Peter sighed. “You’re a vampire... you don’t need ‘a piece’.”
“Relax, everyone’s dead. I can smell it. Start kickin’ over bodies till you find the witch. Might even get the demon too.” He didn’t wait for the angel’s reply. By the time he heard him shout out, he had already blended into the shadows, following the parade of murderous scents. And one of them smells like lead.
Peter swung underneath a doorway, keeping his gun level, cursing the vampire’s lack of caution. He passed through hallways, the amount of corpses leveling off until the décor was almost pristine, untouched by the rage of slaughter. He relaxed his guard when he came through a kitchen.
Bowls of cracked eggs lay unbeaten. Pots of water had long boiled over, spilling onto the floor. The angel minded his step while his mouth salivated to the display of fresh cut steak, still red and bloody on the counter. It had been a day since he had eaten. Murder before dinner. Did the heathen plan it that way or just got lucky?
He passed through the kitchen’s revolving door and his breath froze in his throat. His eyes took it all in. The vast crystal chandelier jangled like a constellation of glass, lush rosewood chairs around the dinner table that suggested the sensual in their curved backs. The ceiling mural, a blasphemous rendering of Lucifer in all his white resplendence. His bespeckled armor glowed underneath the blood of his brothers, one hand carrying the flaming sword of Michael, the other the hollow scythe of Gabriel, wearing a nebulous crown fit for the King of Kings atop his heathen brow. Such heresy was not what seized the angel’s breath.
The witch... She sat with her back to him, her long locks like a mane of obsidian, draped over her shoulders as much as they were the chair. The angel moved as silently as he ever had, slowly raising his gun up, thankful that he had already taken the safety off. Strike fast and strike true –
“Do you mean to kill me, Seeker?
Seeker? Her voice made the angel cringe, as if a violin had gone off-note. It sounded distant, like the voice was coming from a few feet in front of her instead of her mouth.
“I’m afraid you’ll have to. I’ll not come back to Calanar a slave.”
Peter steadied himself. “Tell me where Aphon is and I’ll make it quick.” The witch’s head slowly turned to the side. He saw her silhouetted cheeks rise into a smile and shivered.
“You’re not him.” she said with a note of delight.
“Who?”
She rose from her chair and faced him. “Not you. Perhaps he’s already dead...”
His aim was on her throat, ready to mangle any spells before they began “Your death is
come, witch. Make the judgment lighter and tell me where the demon is.”
She laid her hand on his shoulder and swept a lone finger down his dark blue shirt, her finger an island of ivory against the dark cotton. “Why tell you...” she grinned and looked up to him with fervent eyes, “when I can show you.” She flicked her hand aside like she was dismissing a mere servant.
The air cracked to a sudden force, swallowed up by the sound of the angel hitting the floor. His gun sprawled along the ground until it was stopped by a foot. Peter kept his eye on it and fumbled toward the weapon. “I can make it difficult too, heretic.” he said under his breath, the weapon not budging underneath the man’s foot.
“Mind your tongue, angel, you do not know who you address.” intoned an unmistakable voice.

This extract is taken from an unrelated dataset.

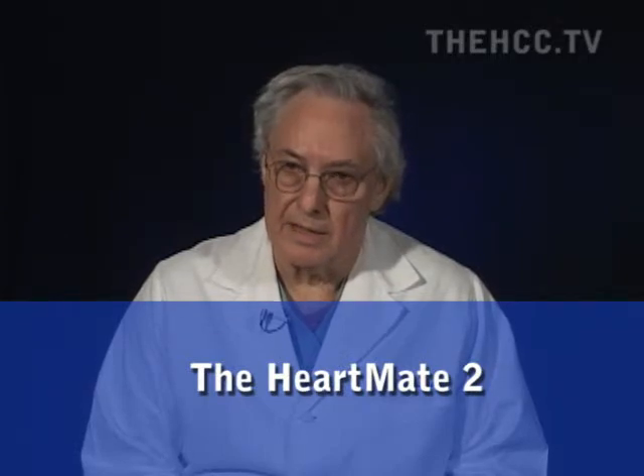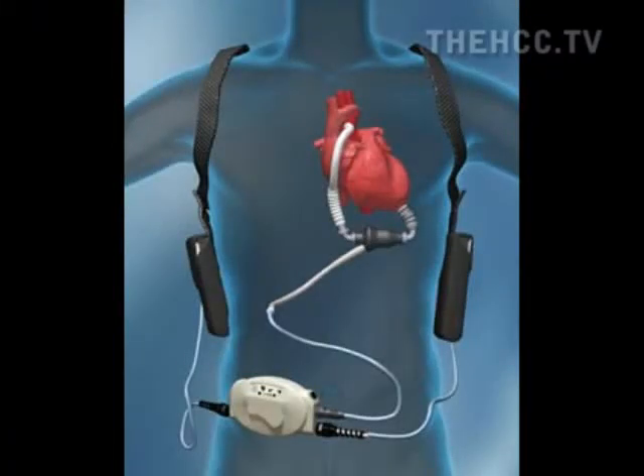The HeartMate II is a pump we developed here, descended from what we called the Hemopump — the first continuous flow pump I implanted in 1988. That showed you could have a pump spinning at 25,000 RPM in the bloodstream without hemolyzing the blood. The HeartMate II was developed by essentially putting bearings on the Hemopump and making it larger. There were problems with early development requiring redesign, but the first HeartMate II I implanted was in November 2003.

Peter looked up to find the fine featured countenance of his nemesis, his irises a putrid yellow behind scraggly brown locks.
Aphon.
Peter smiled. “The devil’s whore and a demon in a dull eyed wastrel? You are not the first nameless pissants I have cast into ruin.”

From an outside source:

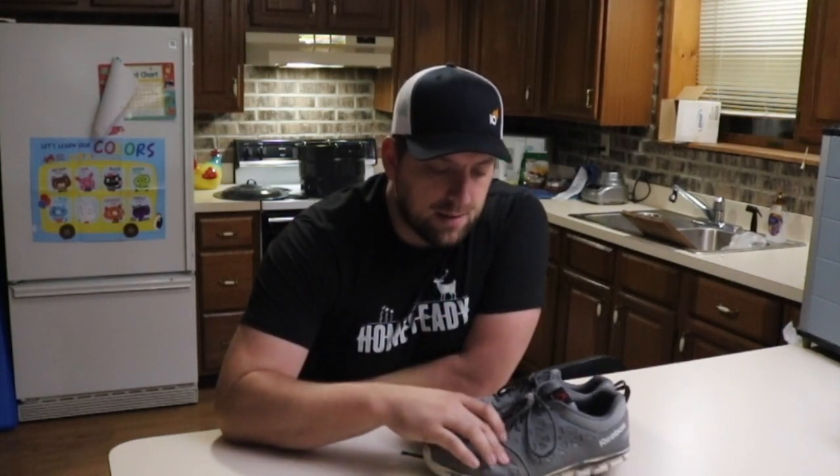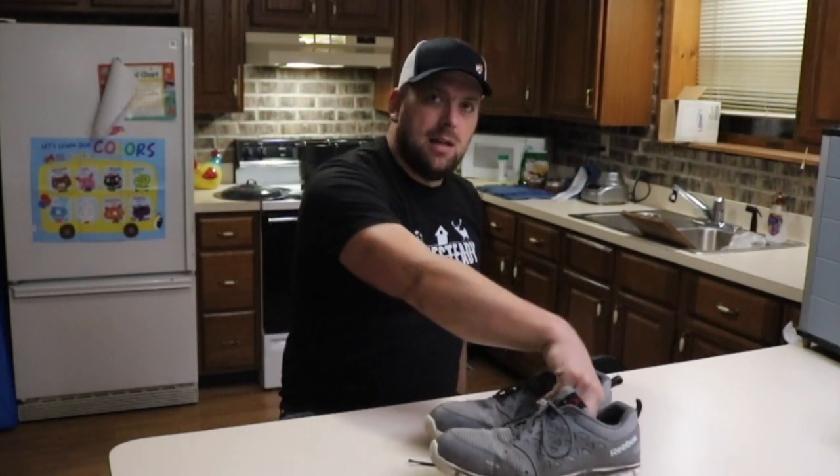I kid you not, I contacted Reebok — well, actually Shoe Co gave me a phone number to call which ended up contacting the company that handles Reebok's warranty plan. What I had to do was send them a picture of the shoes addressing the issue of the sole starting to separate, a picture of the tag so they got the exact right model, and then a receipt from Amazon.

Aphon stayed still and pointed a languid hand at Agatha. “That is Baba-Yaga.” Peter turned back to Agatha, finding luminescent beryl eyes swirling with life that should not be. He had seen that pale green light before and felt terror unbound rise within his being.

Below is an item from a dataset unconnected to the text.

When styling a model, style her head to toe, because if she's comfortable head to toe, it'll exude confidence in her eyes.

“Impossible...” muttered Peter. Her banishment was so profound the flash could be seen from Heaven to the dark valleys of Tartarus. This one is an impostor. Must be.
Agatha put a lazy hand over his forearm and smiled wider than her face would allow. “Impossible? No. And here I thought one like you would be most acquainted with miracles.”
And curses.
Agatha walked around him, as if surveying a trophy, her sapphire eyes gleaming as much as her smile. She looked to Aphon. “How is he?”